その商品の納入が始まった月末の金曜日。深夜、ひとりオフィスで、台帳をめくる髙橋の姿があった。さあて、どのくらい儲かっているんだろう。はやる気持ちを抑えつつ、担当した商品の欄を見つけたとき、全身が固まった。商品のコストが売価よりも異常に高かったからだ。利益率はマイナス15%だった。顧客に提出したのは、生地を売れば売るほど損をするという見積だったのだ。

「我が目を疑うとはまさにこのことかと。何かの間違いじゃないかと思い何度も何度も見返しましたが、やはり数字は嘘をついてはいませんでした。全身の血の気が引きましたね。それ以上何も考えられなかったので、取りあえず見なかったことにしようとその日は帰りました」

しかしその夜はほとんど眠れなかった。夢であってほしい。ただそう願うことしかできなかった。
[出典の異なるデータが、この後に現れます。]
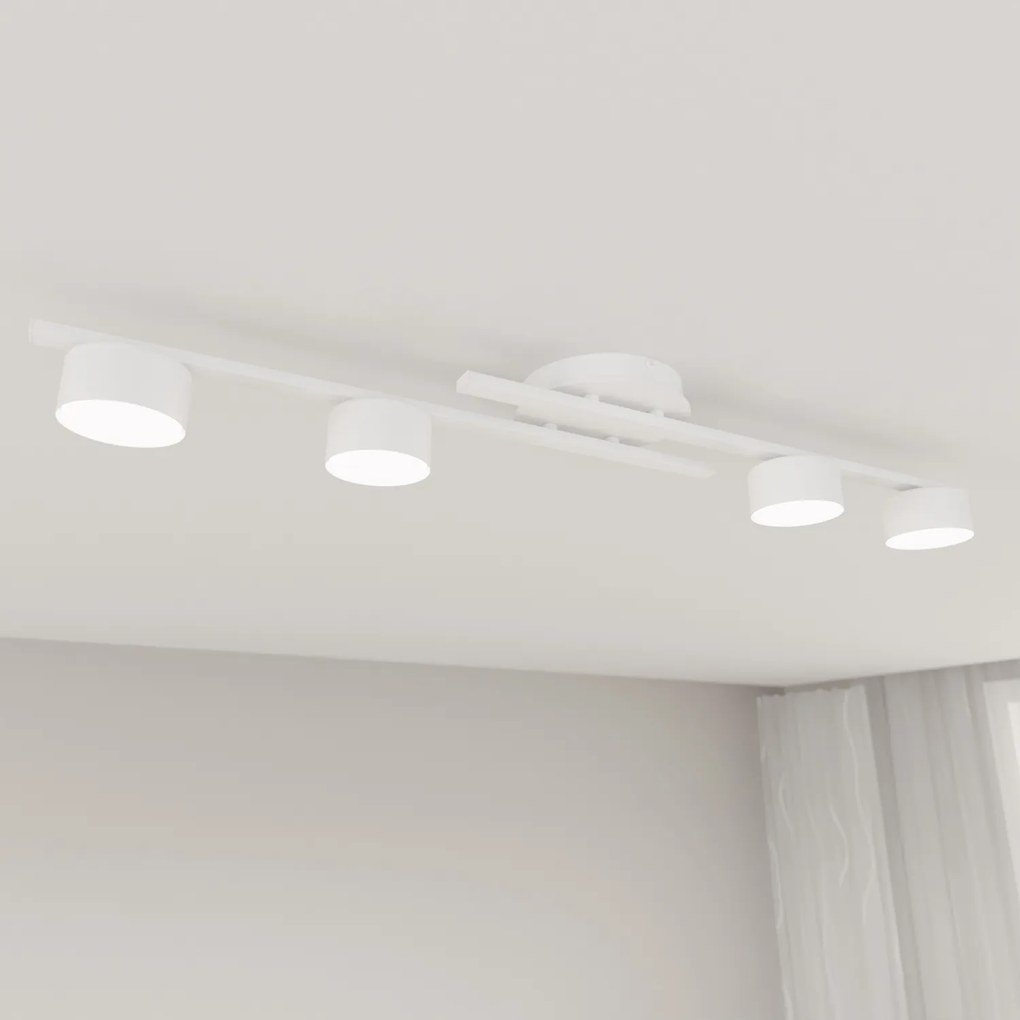 Plafoniera 4 Luci Freyr In Acciaio Bianco Diffusori Cilindrici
翌土曜日もいてもたってもいられず、会社に行った。なぜ見積よりもこんなにコストが高くなっているのか。ひとりきりのオフィスでその理由を探り続けた。輸入原糸の台帳を調べたとき、見積りよりも異常に高い経費がかかっている糸を発見した。そこですべてが判明した。コストダウンのため、原糸は価格の安い東南アジアの国から輸入することにしたのだが、FTA協定を結んでいる国だから関税がかからないと思い込み、その分を仕入れ値の価格に上乗せしなかった。しかし実際は関税がかかる国だったのだ。

これだったのか……。顔面蒼白になりながらこのまま生産が進めばどのくらい損失を出すかを調べた。はじき出された数字を見た時めまいがした。これまで見たことのない、ありえない金額。ひとりの営業マンが出していい損失の域をはるかに超えていた。

「あまりのショックに思考停止状態に陥りました。1回の取引で終わる商売なら頭を下げればなんとかなりますが、2年間ずっと損をし続けるわけですからね……」

髙橋はさらにその翌日の日曜日も出社した。しかし、ただ気を紛らわすための意味のない作業を繰り返すばかりだった。そうこうするうちに日が沈んできた。いよいよ明日、会社に来てこのミスを上司に報告しなければならない。こっぴどく怒られるだろう。ああ、どのタイミングで報告するべきか……やはり昼休みか帰り際か……。そんなことを考えながら名刺整理をしているとき、1年上の先輩の顔が思い浮かんだ。その先輩は髙橋が入社当時からよく怒られていた。優等生だった髙橋とは対照的だったが、ふたりは仲がよく、仕事終わりによく飲みに行っていた。そこで先輩は髙橋によくこんなことを言っていた。

「ええか、髙橋。ミスしたときに一番大事なんはスピードや。ミスがわかった段階ですぐに上司に詳細を報告してごめんなさいと謝るんや。これがうまい怒られ方とミスの対処法のコツやで」

明日朝イチで開かれるチーム会議で報告しよう。この言葉を思い出したとき、髙橋の肚は決まった。